Additionally, the prioritization of the public transport locations proved to be super useful as I only need to focus on my highest priority. The flexibility does remain if I needed to revisit to build it for other locations. But that I could achieve anytime I wanted. My primary priority remains on the highest.
Filtering Haversine Data
Since my data had been structured from the start, all I needed was a column with values that I can filter according to my requirements. And my target usable interface was good ol' MS Excel. Once the haversine data was computed, I got a structured dataset with the following additional columns:
Distance to Public Transport
in kilometers to the nearest computed metro station.Name of public transport
in string as the name of the metro station that is matches with the distance.

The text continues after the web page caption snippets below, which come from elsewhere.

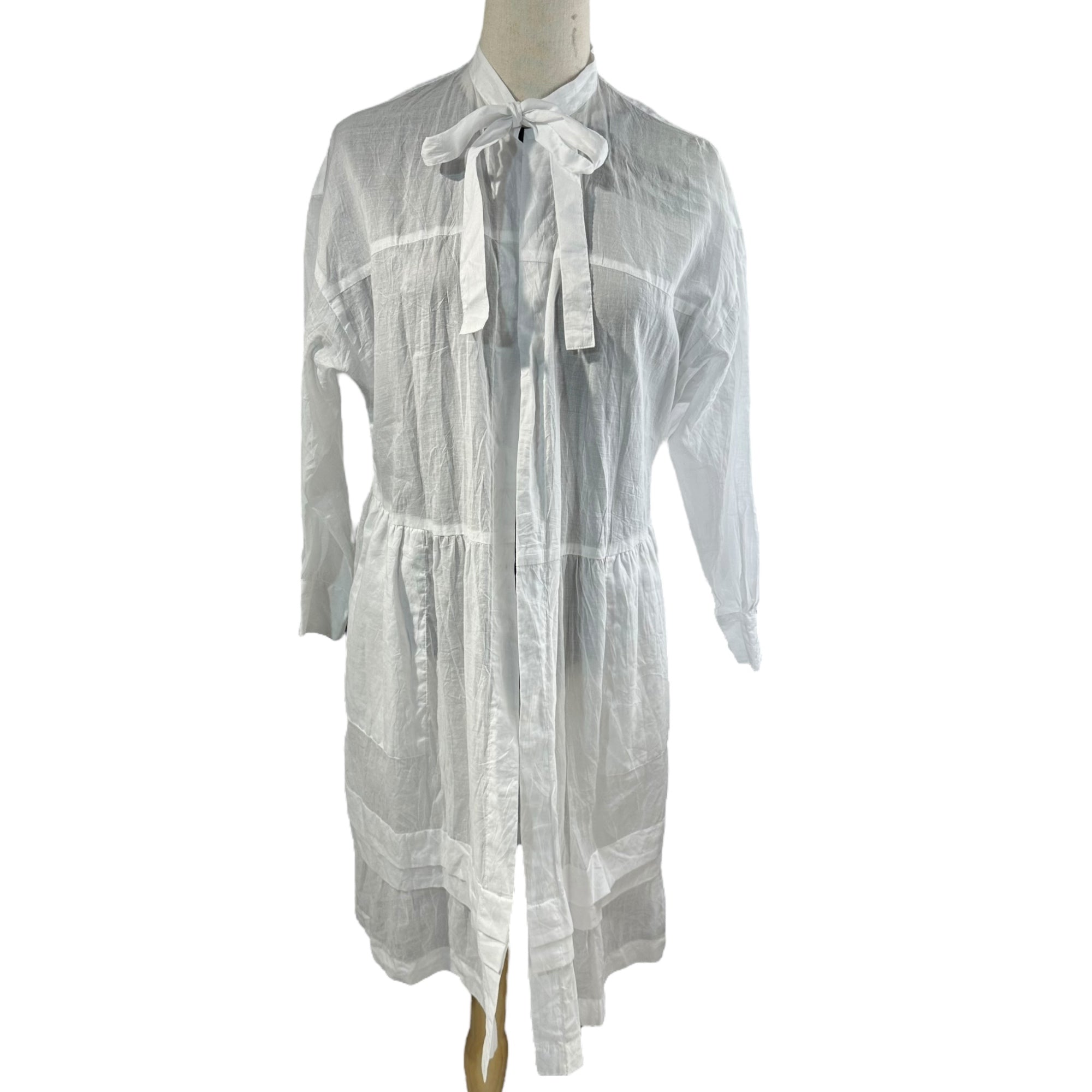 tricot COMME des GARCONS(トリココムデギャルソン) 10SS Cotton L/S Gown Dress コットン 長袖 ガウン ワンピース TE-O030 S ホワイト AD2009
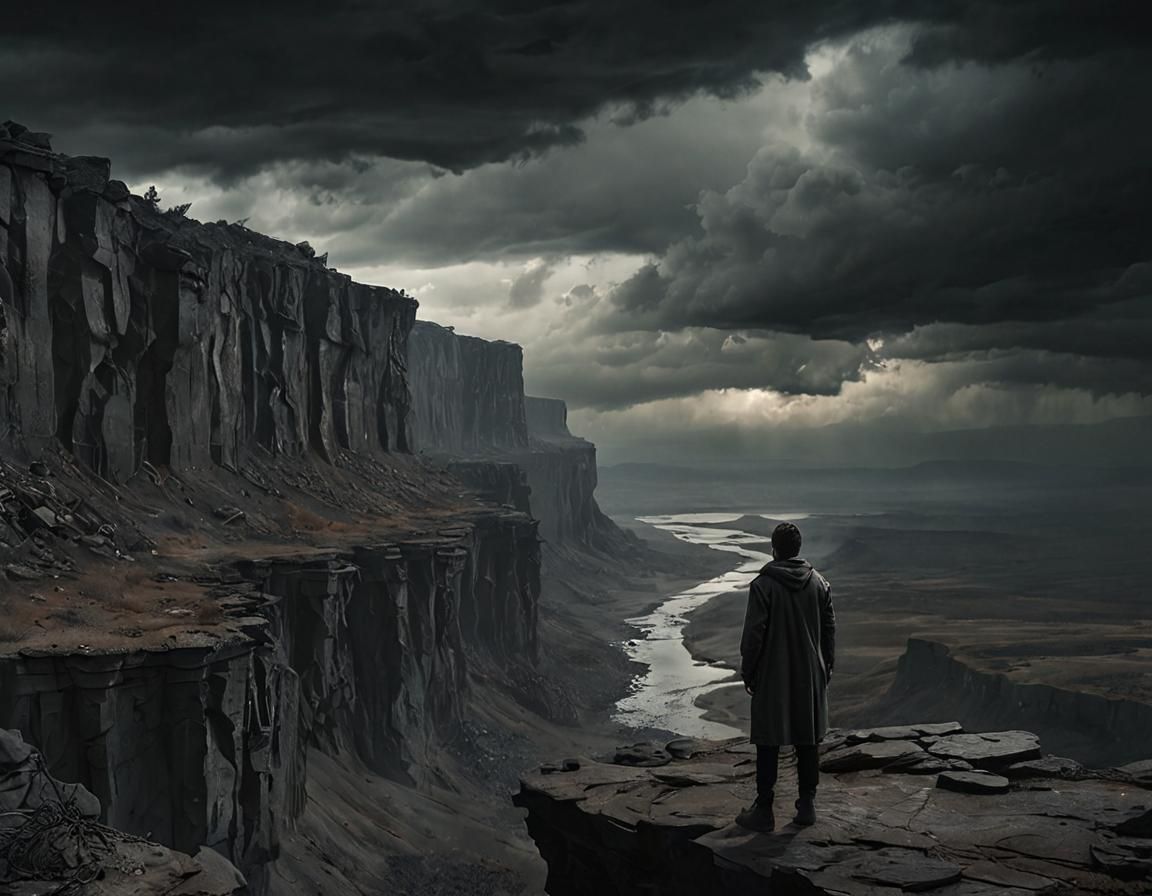Desolate Wasteland Landscape in Moody Cinematic Style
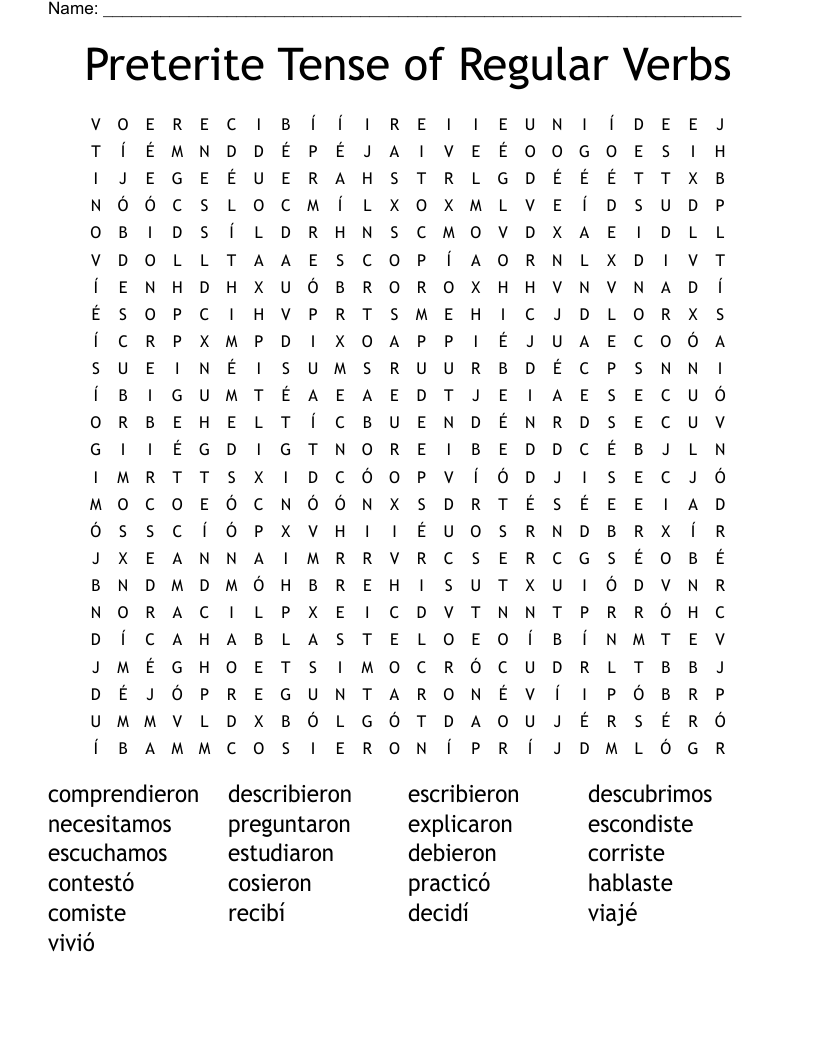 Preterite Tense of Regular Verbs Word Search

This made the data quite easy to use, as I had an extra column to just apply a filter on to get the relevant data. And I had the liberty to see how well it worked based on how easy it was for my friends / famliy who were helping in sifting through the data found it to be usable.
Conclusion
This blog post is a very general exercise on structuring a data analysis toolset for a particular problem. My initial frustration with not being able to generate the valid information or use the information I needed was the painpoint to building the above system. The focus of the solution ended up deciding how I went through the process. But structuring the data requirement enabled me to get a better understandin of what was necessary:
- Get location data structured
- Compute a metric that solves my requirement
- User interaction with the metric to generate information that I require
I am a data scientist and Excel is the shortest way to handle structured data to do simple filtering. And this was quite well-achieved. My next topic hopefully will be into how I built this thing to serve me well and what I built them on.